医療の知識はなくても、イルの出血具合と意識消失してる状態からして少しでも早い治療が必要な事は理解できる。ただ、こんな魔物達の中に二人を置いていく事が正しいのか即座に判断する事は難しかった。


「…誰かにイル様を預けてきます。それで、すぐに戻ってきます。だから、私達を逃がしてください。そして、私達が戻ってくるまで時間稼ぎをしていてくださいますか?」

何が正しい判断かは分からない。戦闘の事は全く分からない世話人のフラナにはこの決断は重すぎたのだ。


「約束は出来ないが、善処する」

けれど人には決断をしなければならない時がある。

先程も、フラナが攫われたからランが追いかけようとして、それでイルもやってきてくれたのだろう。

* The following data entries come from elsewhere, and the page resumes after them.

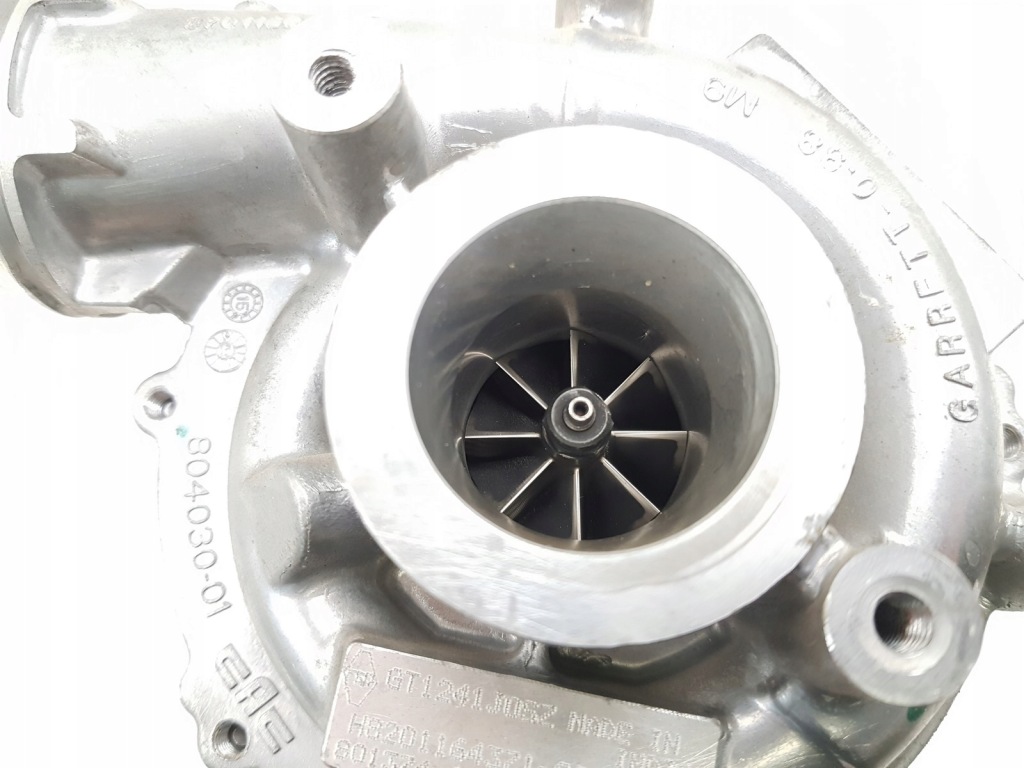 Купить Турбонагнетатель 144119263r gt1241josz garrett 1.5 dci nissan renault captur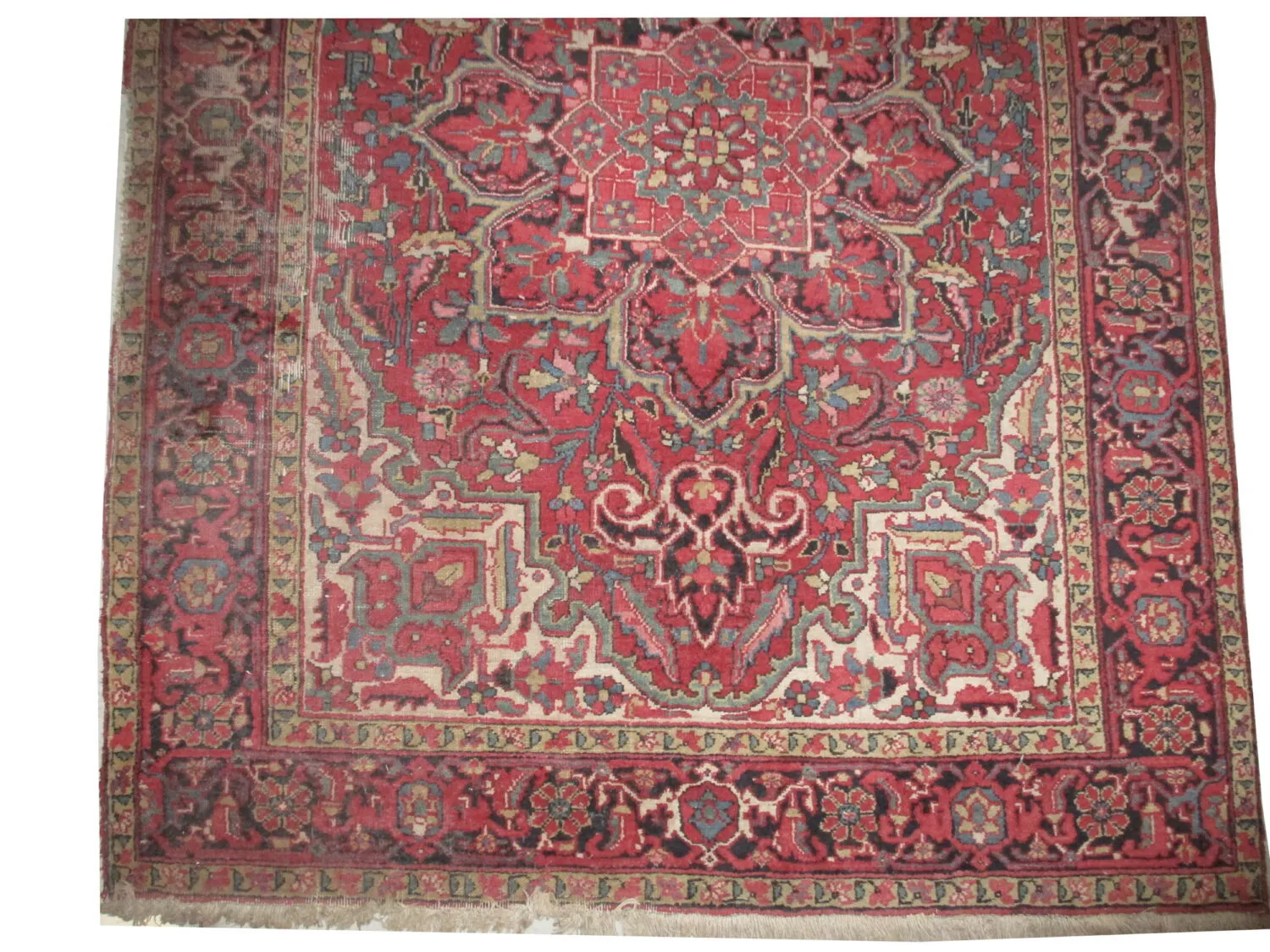 Serapi Heriz Persian - Image 2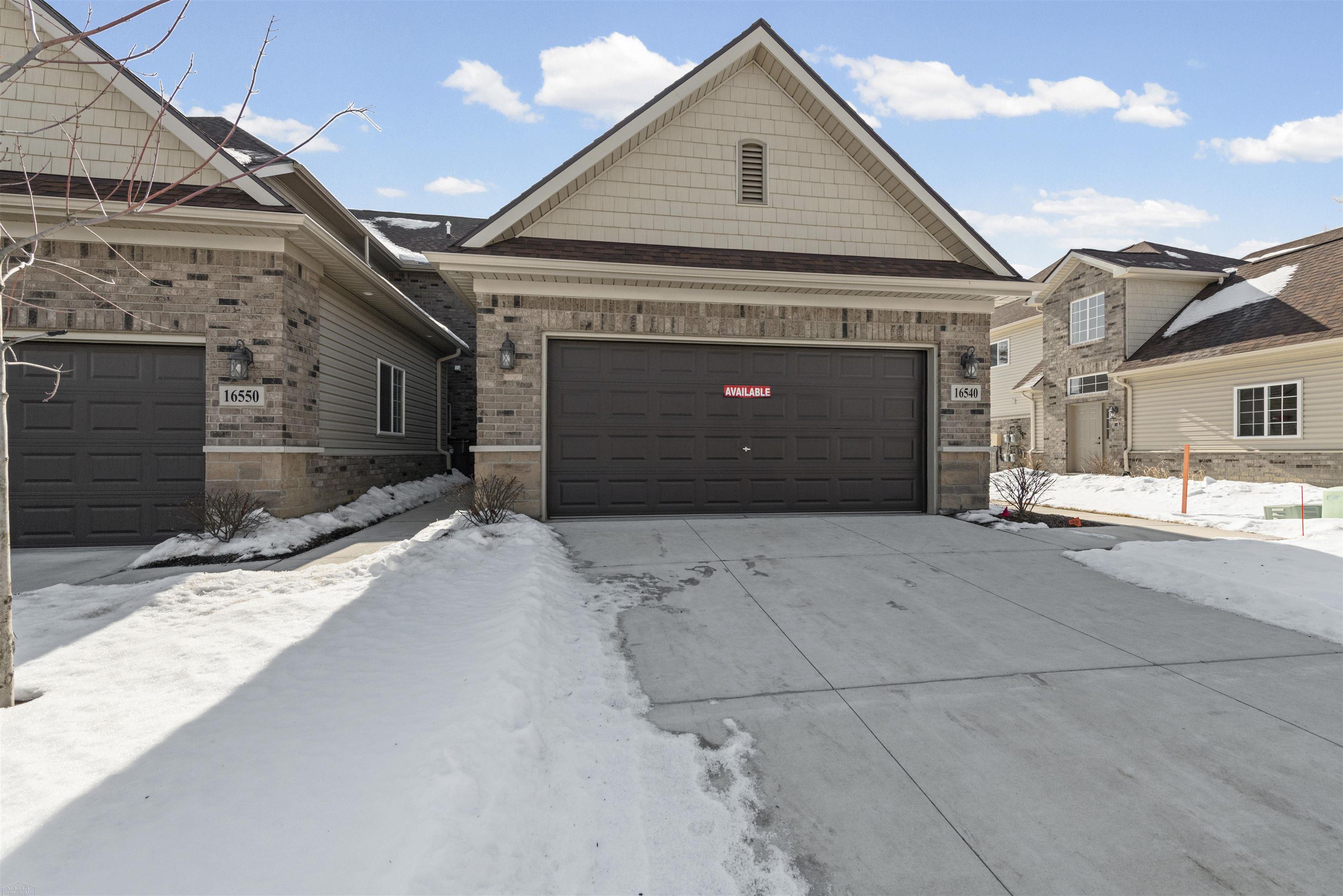 16540 Savor Lane Clinton Charter Township MI 48035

今もフラナに害が及ばないように避けれたのに避けなかったのかもしれない。

この場に二人を巻き込んだのが自分であるのならば、重い決断をしなくてはならないだろう。


「ランさん、イル様が大変です。全速で帰りましょう。退路はアルクさん達が援護してくださいます」

涙を零してしまいたいけれど、今大変なのは自分ではなく、戦っている竜騎士の皆なのだから、フラナが泣く事なんて許されない。泣いている暇があるのなら、ランに振り落とされないように手綱を強く引かなくてはならない。